À dater de ce jour, Volodia sacrifia quelques sorties avec ses amis pour s’astreindre à son nouveau travail. Ruben Sopianoff le traita de « lâcheur », et la bande vota une motion de méfiance à l’adresse du « membre fondateur » Bourine. Tous les jeudis, Volodia se rendait chez Olga Varlamoff, après le thé, pour lui lire un chapitre ou deux de son livre. L’histoire en était confuse, et les personnages manquaient de substance. Mais le style, tarabiscoté, faisait illusion. Olga Varlamoff écoutait, critiquait, priait Volodia de lui laisser les derniers feuillets pour les relire à tête reposée. Il s’établit entre eux une sorte de camaraderie affectueuse qui enchantait Olga Varlamoff et attisait l’impatience de Volodia.
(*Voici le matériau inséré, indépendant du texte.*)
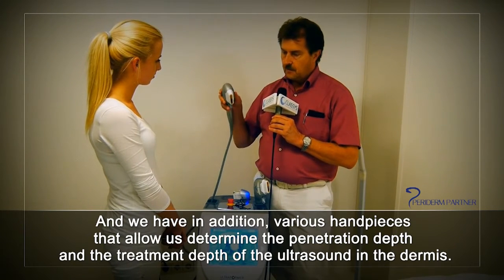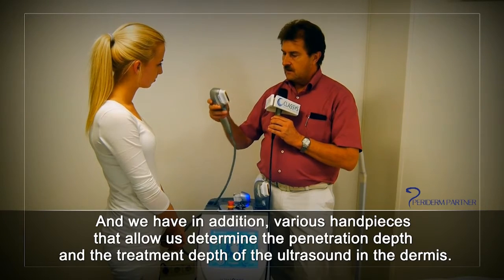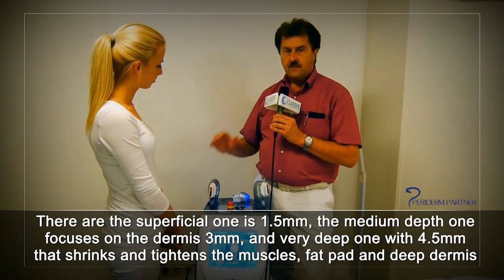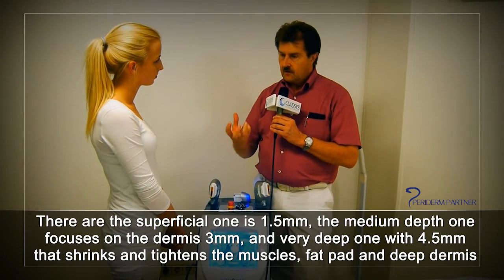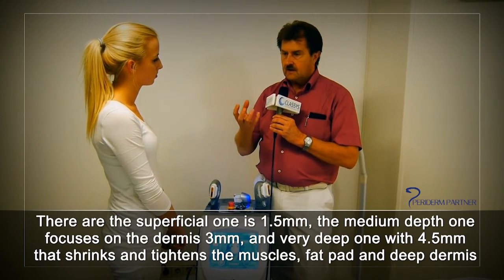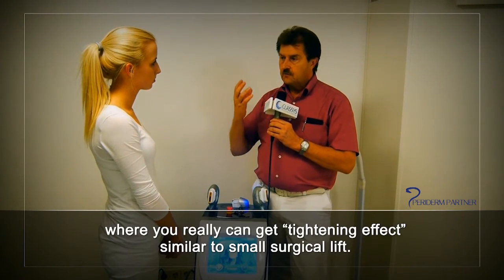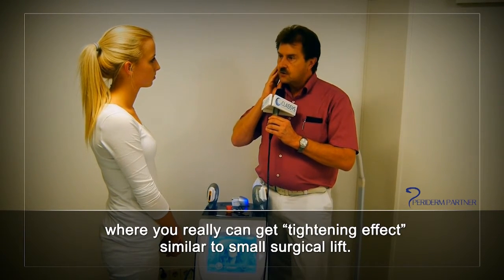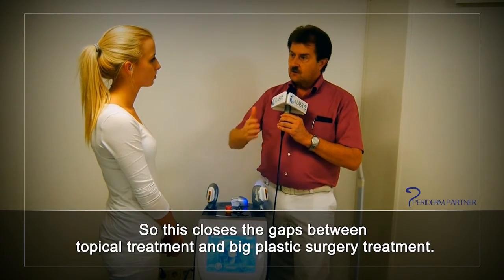We have various handpieces that allow us to determine the penetration depth and treatment depth of the ultrasound in the dermis. There is the superficial one at 1.5 millimeters, the medium depth one that focuses on the dermis at 3 millimeters, and the very deep one at 4.5 millimeters that shrinks and tightens the muscle, the fat pad, and the deep dermis where you can really get a tightening effect similar to a small surgical lift.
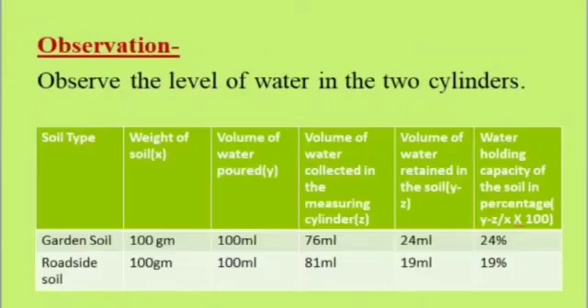Observation — observe the level of water in the two cylinders. Soil type: garden soil. Weight of soil: 100 grams. Volume of water added: 100 ml. Volume of water collected in the measuring cylinder: 76 ml. Volume of water retained in the soil: 24 ml. Water holding capacity of the soil in percentage: (y minus z) upon x, into 100.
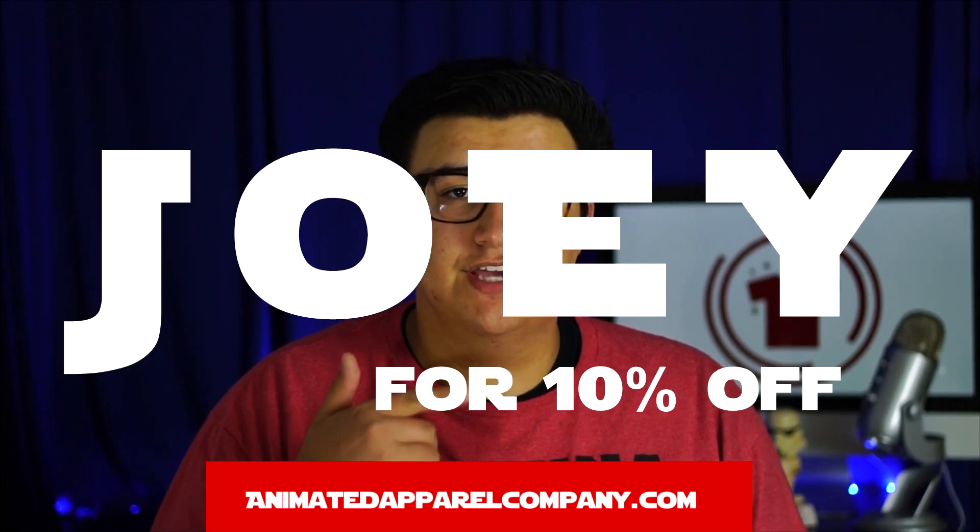So that concludes today's episode. If you like this type of video where I take two similar things in the Star Wars galaxy and compare them and give you my personal take and a little bit of background, then make sure you like this video, subscribe, and leave a comment below about what you think I should compare in the next video or talk about in the Star Wars galaxy. And last but not least, if you want to get some really awesome geek merch — hats, shirts, sweaters, wallets — make sure you head over to the Animated Apparel website and use the code Joey for 10% off your next purchase. I'll see y'all in the next Animated Apparel Star Wars YouTube video. And remember, the Force will be with us all.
Certains jours, il lui semblait qu’Olga Varlamoff lui parlait sur un ton complice, et il cherchait une invite dans les moindres gestes de son hôtesse. Mais, la semaine suivante, elle lui paraissait hautaine, réservée, moqueuse, et il se désolait du terrain qu’il avait perdu. Il consultait Tania, et Tania lui recommandait la prudence. Il consultait ses amis de la bande, et ils lui enjoignaient de rompre avec cette faiseuse d’embarras. À plusieurs reprises, ils essayèrent de le consoler en l’entraînant chez de petites femmes joviales. Volodia buvait comme eux, chantait comme eux, et, comme eux, caressait les filles, mais il revenait chez lui, le cœur plein de dégoût et la bouche amère.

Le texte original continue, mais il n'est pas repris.